One of the old National appnotes does a single-slope ADC at 20 or 24
bits or something.

One interesting thing about this technique is the the differential
linearity is essentially perfect. That can be handy for stuff like
nuclear detector histogramming or electric meters.

I haven't seen that AN but after getting Fred's highly accurate CC generator a
few days back I simply ran that onto a standard 100nF ceramic cap for the ramp
generator.

Comparing the results with a 10 digit meter I got accuracy within 0.005% of the
Vrefs I was using. That's quite amazing for a dollars worth of comparator and
discretes.

Gibbo

 

[ChrisGibboGibson]

AN260 January 1981. Like the one described by the OP, it's essentially
a serial single-slope converter, so the capacitor dielectric
absorption doesn't affect the linearity as it does in a dual-slope
converter, and the comparator sees the same dv/dt in the same
direction for reference and unknown measurement.


Doesn't take much leakage across the capacitor or current source to
reduce the linearity at midscale down to the 12-bit level though.
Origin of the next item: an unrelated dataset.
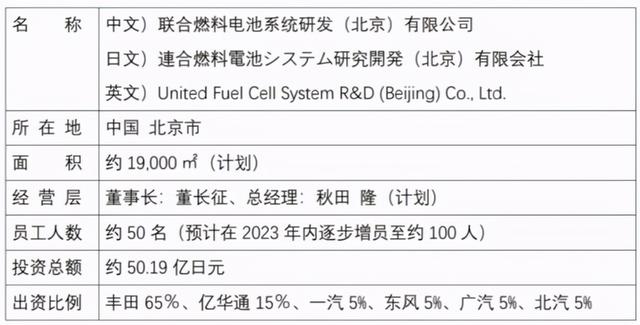 发展氢燃料电池汽车真有马斯克、迪斯说得“愚蠢”么？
I might have known you'd spot the flaw!

At low scale or high scale the accuracy is absolutely remarkable. In between
these limits it's only amazing. Still fantasically good for the money (almost
none) though.

Gibbo

 

[Spehro Pefhany]

One of the old National appnotes does a single-slope ADC at 20 or 24
bits or something.

AN260 January 1981. Like the one described by the OP, it's essentially
a serial single-slope converter, so the capacitor dielectric
absorption doesn't affect the linearity as it does in a dual-slope
converter, and the comparator sees the same dv/dt in the same
direction for reference and unknown measurement.

One interesting thing about this technique is the the differential
linearity is essentially perfect. That can be handy for stuff like
nuclear detector histogramming or electric meters.

John

Doesn't take much leakage across the capacitor or current source to
reduce the linearity at midscale down to the 12-bit level though.



Best regards,
Spehro Pefhany

 

[ChrisGibboGibson]

AN260 January 1981. Like the one described by the OP, it's essentially
a serial single-slope converter, so the capacitor dielectric
absorption doesn't affect the linearity as it does in a dual-slope
converter, and the comparator sees the same dv/dt in the same
direction for reference and unknown measurement.
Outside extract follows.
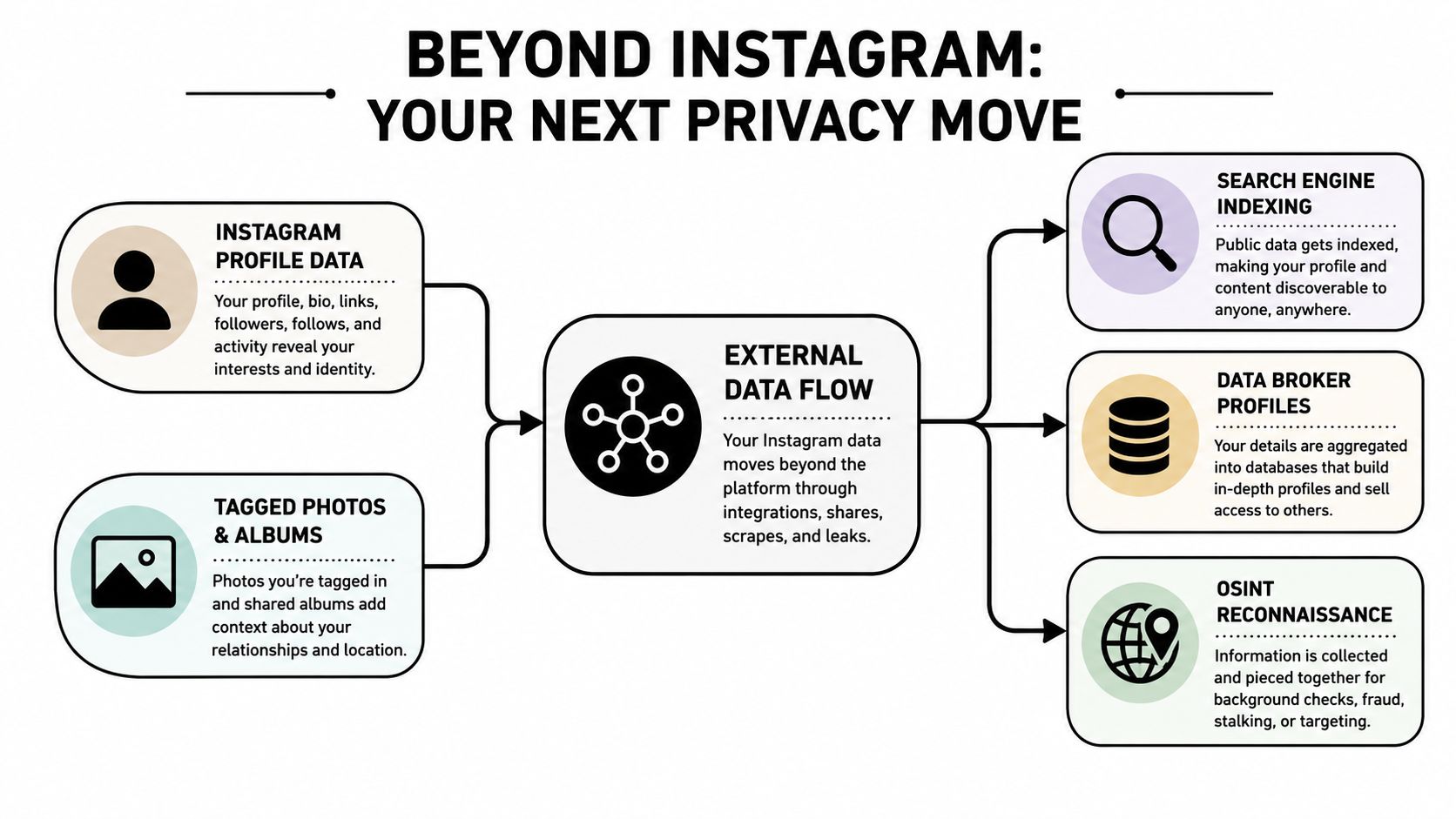 A diagram illustrating how Instagram user data flows externally to search engines, data brokers, and OSINT reconnaissance.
Doesn't take much leakage across the capacitor or current source to
reduce the linearity at midscale down to the 12-bit level though.

And I'd also like to see any other *serious* contenders for A/D at sensible
accuracy levels for next to *no* outlay.

Gibbo

 

[Dave VanHorn]

Doesn't take much leakage across the capacitor or current source to

reduce the linearity at midscale down to the 12-bit level though.

Only 12 bits? Well damn..

I did something like this for a printer.
We needed to read a thermistor, but didn't have an A/D
So, I used the thermistor through a diode to charge a cap, and a fixed
resistor through another diode to discharge the same cap. Cap value factors
out, and the diodes are mounted together, and track nicely. Worked well
enough.

 

[nospam]

And I'd also like to see any other *serious* contenders for A/D at sensible
accuracy levels for next to *no* outlay.

Two precision voltage references, a precision current source, a comparator,
3 way multiplexor and a microprocessor is next to no outlay?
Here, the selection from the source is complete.